• **WORK REQUIRED**:
For each line below, print it again exactly as shown.

• **EXCERPTED DATA**:
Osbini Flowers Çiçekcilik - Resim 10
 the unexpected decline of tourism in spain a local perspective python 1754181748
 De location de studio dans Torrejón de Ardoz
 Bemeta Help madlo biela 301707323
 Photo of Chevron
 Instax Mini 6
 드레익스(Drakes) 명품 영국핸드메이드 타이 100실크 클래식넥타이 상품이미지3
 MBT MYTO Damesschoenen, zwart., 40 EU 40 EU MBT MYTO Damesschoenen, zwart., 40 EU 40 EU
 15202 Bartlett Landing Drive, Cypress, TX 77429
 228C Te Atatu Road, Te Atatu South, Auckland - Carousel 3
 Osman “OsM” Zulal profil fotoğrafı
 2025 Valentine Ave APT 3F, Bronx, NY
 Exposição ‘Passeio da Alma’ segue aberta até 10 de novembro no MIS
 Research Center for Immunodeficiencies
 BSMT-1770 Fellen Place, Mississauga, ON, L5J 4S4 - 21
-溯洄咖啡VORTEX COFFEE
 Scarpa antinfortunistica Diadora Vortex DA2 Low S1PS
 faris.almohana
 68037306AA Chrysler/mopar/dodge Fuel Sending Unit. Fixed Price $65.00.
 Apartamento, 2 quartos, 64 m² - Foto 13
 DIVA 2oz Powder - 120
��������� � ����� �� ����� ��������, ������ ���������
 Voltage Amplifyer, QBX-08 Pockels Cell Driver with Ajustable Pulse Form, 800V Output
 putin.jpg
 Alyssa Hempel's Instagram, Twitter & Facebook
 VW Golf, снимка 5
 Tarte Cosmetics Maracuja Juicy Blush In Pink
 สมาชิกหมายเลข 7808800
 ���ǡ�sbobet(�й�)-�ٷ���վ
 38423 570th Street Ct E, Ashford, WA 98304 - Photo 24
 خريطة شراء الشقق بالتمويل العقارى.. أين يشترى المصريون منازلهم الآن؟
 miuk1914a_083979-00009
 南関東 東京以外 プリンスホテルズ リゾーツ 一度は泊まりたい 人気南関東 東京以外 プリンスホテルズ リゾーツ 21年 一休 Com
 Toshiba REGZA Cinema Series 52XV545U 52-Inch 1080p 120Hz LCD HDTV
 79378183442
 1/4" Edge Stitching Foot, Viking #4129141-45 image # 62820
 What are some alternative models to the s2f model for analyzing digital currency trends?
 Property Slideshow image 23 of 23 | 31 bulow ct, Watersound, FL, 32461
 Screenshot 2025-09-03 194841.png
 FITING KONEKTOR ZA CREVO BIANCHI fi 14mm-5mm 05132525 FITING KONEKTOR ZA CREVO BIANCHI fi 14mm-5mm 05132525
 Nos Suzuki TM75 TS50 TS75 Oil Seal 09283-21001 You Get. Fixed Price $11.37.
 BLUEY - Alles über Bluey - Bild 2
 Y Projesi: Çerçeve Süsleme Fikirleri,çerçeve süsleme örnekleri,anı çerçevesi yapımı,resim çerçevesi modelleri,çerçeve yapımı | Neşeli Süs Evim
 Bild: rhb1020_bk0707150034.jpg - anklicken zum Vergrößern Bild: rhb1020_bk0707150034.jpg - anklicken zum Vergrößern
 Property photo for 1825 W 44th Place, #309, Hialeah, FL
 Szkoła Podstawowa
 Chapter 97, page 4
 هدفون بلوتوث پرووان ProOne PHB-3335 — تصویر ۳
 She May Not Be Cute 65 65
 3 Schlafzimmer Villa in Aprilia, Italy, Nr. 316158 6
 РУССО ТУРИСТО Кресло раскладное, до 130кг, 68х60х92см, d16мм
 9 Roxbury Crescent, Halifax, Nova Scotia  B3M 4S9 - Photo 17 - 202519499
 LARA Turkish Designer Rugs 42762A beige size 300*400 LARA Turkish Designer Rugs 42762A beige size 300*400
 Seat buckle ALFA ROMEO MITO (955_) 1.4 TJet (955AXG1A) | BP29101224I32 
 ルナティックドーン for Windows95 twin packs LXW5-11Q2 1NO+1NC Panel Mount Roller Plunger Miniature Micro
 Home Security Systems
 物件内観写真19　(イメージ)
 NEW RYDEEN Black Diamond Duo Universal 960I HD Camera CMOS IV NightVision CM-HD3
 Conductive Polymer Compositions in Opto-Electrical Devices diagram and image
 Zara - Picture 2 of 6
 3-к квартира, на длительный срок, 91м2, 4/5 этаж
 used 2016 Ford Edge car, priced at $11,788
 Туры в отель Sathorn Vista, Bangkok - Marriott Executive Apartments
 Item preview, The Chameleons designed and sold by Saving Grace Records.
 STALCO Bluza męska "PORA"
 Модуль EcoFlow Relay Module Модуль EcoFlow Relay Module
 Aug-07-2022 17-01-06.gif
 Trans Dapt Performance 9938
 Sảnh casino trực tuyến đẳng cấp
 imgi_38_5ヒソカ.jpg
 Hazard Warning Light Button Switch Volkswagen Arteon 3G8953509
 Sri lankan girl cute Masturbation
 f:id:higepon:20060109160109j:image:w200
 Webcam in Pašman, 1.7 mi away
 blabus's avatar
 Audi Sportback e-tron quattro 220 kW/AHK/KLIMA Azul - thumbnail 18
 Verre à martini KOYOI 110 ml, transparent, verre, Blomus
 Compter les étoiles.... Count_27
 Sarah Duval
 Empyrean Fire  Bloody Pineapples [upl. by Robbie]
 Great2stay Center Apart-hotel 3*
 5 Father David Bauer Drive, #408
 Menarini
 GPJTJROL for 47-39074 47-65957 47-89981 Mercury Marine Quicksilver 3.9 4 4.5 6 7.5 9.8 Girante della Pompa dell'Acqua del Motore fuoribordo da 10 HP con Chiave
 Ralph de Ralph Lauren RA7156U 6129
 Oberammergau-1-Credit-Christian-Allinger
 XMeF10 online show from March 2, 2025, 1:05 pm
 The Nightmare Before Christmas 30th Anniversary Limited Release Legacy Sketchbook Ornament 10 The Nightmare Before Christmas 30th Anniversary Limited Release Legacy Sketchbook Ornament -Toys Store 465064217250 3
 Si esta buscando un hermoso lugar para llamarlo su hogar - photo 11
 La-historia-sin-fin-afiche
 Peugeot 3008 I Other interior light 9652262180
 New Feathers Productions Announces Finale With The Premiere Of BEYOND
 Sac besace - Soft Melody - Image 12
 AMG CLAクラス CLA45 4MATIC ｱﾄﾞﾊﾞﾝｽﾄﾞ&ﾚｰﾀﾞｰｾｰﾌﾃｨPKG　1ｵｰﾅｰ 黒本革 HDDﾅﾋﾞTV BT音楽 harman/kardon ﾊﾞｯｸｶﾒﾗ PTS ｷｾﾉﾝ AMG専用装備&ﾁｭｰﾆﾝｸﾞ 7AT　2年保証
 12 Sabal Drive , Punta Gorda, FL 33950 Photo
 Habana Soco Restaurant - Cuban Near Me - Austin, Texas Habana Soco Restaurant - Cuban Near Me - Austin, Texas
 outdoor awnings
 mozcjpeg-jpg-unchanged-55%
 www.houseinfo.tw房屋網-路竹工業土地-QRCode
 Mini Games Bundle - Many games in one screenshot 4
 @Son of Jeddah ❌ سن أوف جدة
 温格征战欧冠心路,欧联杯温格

• **OUTPUT FOR THIS TASK**:
Osbini Flowers Çiçekcilik - Resim 10
 the unexpected decline of tourism in spain a local perspective python 1754181748
 De location de studio dans Torrejón de Ardoz
 Bemeta Help madlo biela 301707323
 Photo of Chevron
 Instax Mini 6
 드레익스(Drakes) 명품 영국핸드메이드 타이 100실크 클래식넥타이 상품이미지3
 MBT MYTO Damesschoenen, zwart., 40 EU 40 EU MBT MYTO Damesschoenen, zwart., 40 EU 40 EU
 15202 Bartlett Landing Drive, Cypress, TX 77429
 228C Te Atatu Road, Te Atatu South, Auckland - Carousel 3
 Osman “OsM” Zulal profil fotoğrafı
 2025 Valentine Ave APT 3F, Bronx, NY
 Exposição ‘Passeio da Alma’ segue aberta até 10 de novembro no MIS
 Research Center for Immunodeficiencies
 BSMT-1770 Fellen Place, Mississauga, ON, L5J 4S4 - 21
-溯洄咖啡VORTEX COFFEE
 Scarpa antinfortunistica Diadora Vortex DA2 Low S1PS
 faris.almohana
 68037306AA Chrysler/mopar/dodge Fuel Sending Unit. Fixed Price $65.00.
 Apartamento, 2 quartos, 64 m² - Foto 13
 DIVA 2oz Powder - 120
��������� � ����� �� ����� ��������, ������ ���������
 Voltage Amplifyer, QBX-08 Pockels Cell Driver with Ajustable Pulse Form, 800V Output
 putin.jpg
 Alyssa Hempel's Instagram, Twitter & Facebook
 VW Golf, снимка 5
 Tarte Cosmetics Maracuja Juicy Blush In Pink
 สมาชิกหมายเลข 7808800
 ���ǡ�sbobet(�й�)-�ٷ���վ
 38423 570th Street Ct E, Ashford, WA 98304 - Photo 24
 خريطة شراء الشقق بالتمويل العقارى.. أين يشترى المصريون منازلهم الآن؟
 miuk1914a_083979-00009
 南関東 東京以外 プリンスホテルズ リゾーツ 一度は泊まりたい 人気南関東 東京以外 プリンスホテルズ リゾーツ 21年 一休 Com
 Toshiba REGZA Cinema Series 52XV545U 52-Inch 1080p 120Hz LCD HDTV
 79378183442
 1/4" Edge Stitching Foot, Viking #4129141-45 image # 62820
 What are some alternative models to the s2f model for analyzing digital currency trends?
 Property Slideshow image 23 of 23 | 31 bulow ct, Watersound, FL, 32461
 Screenshot 2025-09-03 194841.png
 FITING KONEKTOR ZA CREVO BIANCHI fi 14mm-5mm 05132525 FITING KONEKTOR ZA CREVO BIANCHI fi 14mm-5mm 05132525
 Nos Suzuki TM75 TS50 TS75 Oil Seal 09283-21001 You Get. Fixed Price $11.37.
 BLUEY - Alles über Bluey - Bild 2
 Y Projesi: Çerçeve Süsleme Fikirleri,çerçeve süsleme örnekleri,anı çerçevesi yapımı,resim çerçevesi modelleri,çerçeve yapımı | Neşeli Süs Evim
 Bild: rhb1020_bk0707150034.jpg - anklicken zum Vergrößern Bild: rhb1020_bk0707150034.jpg - anklicken zum Vergrößern
 Property photo for 1825 W 44th Place, #309, Hialeah, FL
 Szkoła Podstawowa
 Chapter 97, page 4
 هدفون بلوتوث پرووان ProOne PHB-3335 — تصویر ۳
 She May Not Be Cute 65 65
 3 Schlafzimmer Villa in Aprilia, Italy, Nr. 316158 6
 РУССО ТУРИСТО Кресло раскладное, до 130кг, 68х60х92см, d16мм
 9 Roxbury Crescent, Halifax, Nova Scotia  B3M 4S9 - Photo 17 - 202519499
 LARA Turkish Designer Rugs 42762A beige size 300*400 LARA Turkish Designer Rugs 42762A beige size 300*400
 Seat buckle ALFA ROMEO MITO (955_) 1.4 TJet (955AXG1A) | BP29101224I32 
 ルナティックドーン for Windows95 twin packs LXW5-11Q2 1NO+1NC Panel Mount Roller Plunger Miniature Micro
 Home Security Systems
 物件内観写真19　(イメージ)
 NEW RYDEEN Black Diamond Duo Universal 960I HD Camera CMOS IV NightVision CM-HD3
 Conductive Polymer Compositions in Opto-Electrical Devices diagram and image
 Zara - Picture 2 of 6
 3-к квартира, на длительный срок, 91м2, 4/5 этаж
 used 2016 Ford Edge car, priced at $11,788
 Туры в отель Sathorn Vista, Bangkok - Marriott Executive Apartments
 Item preview, The Chameleons designed and sold by Saving Grace Records.
 STALCO Bluza męska "PORA"
 Модуль EcoFlow Relay Module Модуль EcoFlow Relay Module
 Aug-07-2022 17-01-06.gif
 Trans Dapt Performance 9938
 Sảnh casino trực tuyến đẳng cấp
 imgi_38_5ヒソカ.jpg
 Hazard Warning Light Button Switch Volkswagen Arteon 3G8953509
 Sri lankan girl cute Masturbation
 f:id:higepon:20060109160109j:image:w200
 Webcam in Pašman, 1.7 mi away
 blabus's avatar
 Audi Sportback e-tron quattro 220 kW/AHK/KLIMA Azul - thumbnail 18
 Verre à martini KOYOI 110 ml, transparent, verre, Blomus
 Compter les étoiles.... Count_27
 Sarah Duval
 Empyrean Fire  Bloody Pineapples [upl. by Robbie]
 Great2stay Center Apart-hotel 3*
 5 Father David Bauer Drive, #408
 Menarini
 GPJTJROL for 47-39074 47-65957 47-89981 Mercury Marine Quicksilver 3.9 4 4.5 6 7.5 9.8 Girante della Pompa dell'Acqua del Motore fuoribordo da 10 HP con Chiave
 Ralph de Ralph Lauren RA7156U 6129
 Oberammergau-1-Credit-Christian-Allinger
 XMeF10 online show from March 2, 2025, 1:05 pm
 The Nightmare Before Christmas 30th Anniversary Limited Release Legacy Sketchbook Ornament 10 The Nightmare Before Christmas 30th Anniversary Limited Release Legacy Sketchbook Ornament -Toys Store 465064217250 3
 Si esta buscando un hermoso lugar para llamarlo su hogar - photo 11
 La-historia-sin-fin-afiche
 Peugeot 3008 I Other interior light 9652262180
 New Feathers Productions Announces Finale With The Premiere Of BEYOND
 Sac besace - Soft Melody - Image 12
 AMG CLAクラス CLA45 4MATIC ｱﾄﾞﾊﾞﾝｽﾄﾞ&ﾚｰﾀﾞｰｾｰﾌﾃｨPKG　1ｵｰﾅｰ 黒本革 HDDﾅﾋﾞTV BT音楽 harman/kardon ﾊﾞｯｸｶﾒﾗ PTS ｷｾﾉﾝ AMG専用装備&ﾁｭｰﾆﾝｸﾞ 7AT　2年保証
 12 Sabal Drive , Punta Gorda, FL 33950 Photo
 Habana Soco Restaurant - Cuban Near Me - Austin, Texas Habana Soco Restaurant - Cuban Near Me - Austin, Texas
 outdoor awnings
 mozcjpeg-jpg-unchanged-55%
 www.houseinfo.tw房屋網-路竹工業土地-QRCode
 Mini Games Bundle - Many games in one screenshot 4
 @Son of Jeddah ❌ سن أوف جدة
 温格征战欧冠心路,欧联杯温格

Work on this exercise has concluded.